# What Do You Think Of Anne Burrell?



## boar_d_laze (Feb 13, 2008)

Anne Burrell first hit the Food Network as Mario's sous during Iron Chef America comps. Now she has two shows on FN -- one cooking, one contest. 

I like her cooking show, she does some very straightforward dishes while teaching important technique without making too much of a big deal out of it. The contest show, "Worst Cooks," looks like mindless and humiliating fun -- in other words, standard reality fare. Still, I like her there as well. 

All in all, she's either the very best or one of the few best cooks/teachers on the FN. 

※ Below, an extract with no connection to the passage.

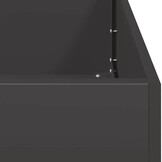vidaXL Plantenbak 120x80x80 cm staal zwart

What do you dudes and dudesses think?

BDL


----------



## phatch (Mar 29, 2002)

never heard of her.


----------



## dillonsmimi (Dec 2, 2009)

She was the tiny blond sous that had Mario's back. Always thought she would step up into a bigger pair of clogs.


----------



## petemccracken (Sep 18, 2008)

Pretty highly, until she "took on" "Worst Cooks"!


----------



## ed buchanan (May 29, 2006)

Ann knows her onions, and has held her own with many a guy in the NY rest. scene. She came up through the kitchens and has paid her dues. I would love to work with her.


----------



## kyheirloomer (Feb 1, 2007)

As a cook and teacher I think she's first rate. Mario Batalli doesn't suffer fools, let alone put them in charge of restaurants. So that should be a clue. 

Her show (Secrets of a Restaurant Chef) is a little over the top. But that's what FN wants cuz its "good television." The difference between her's and other similar shows is that Anne knows what she's doing, and can teach it without being preachy. The only down side is that she tries too hard for some of the cutesy stuff, which I can do without. After all, that's why we have Rachael Ray.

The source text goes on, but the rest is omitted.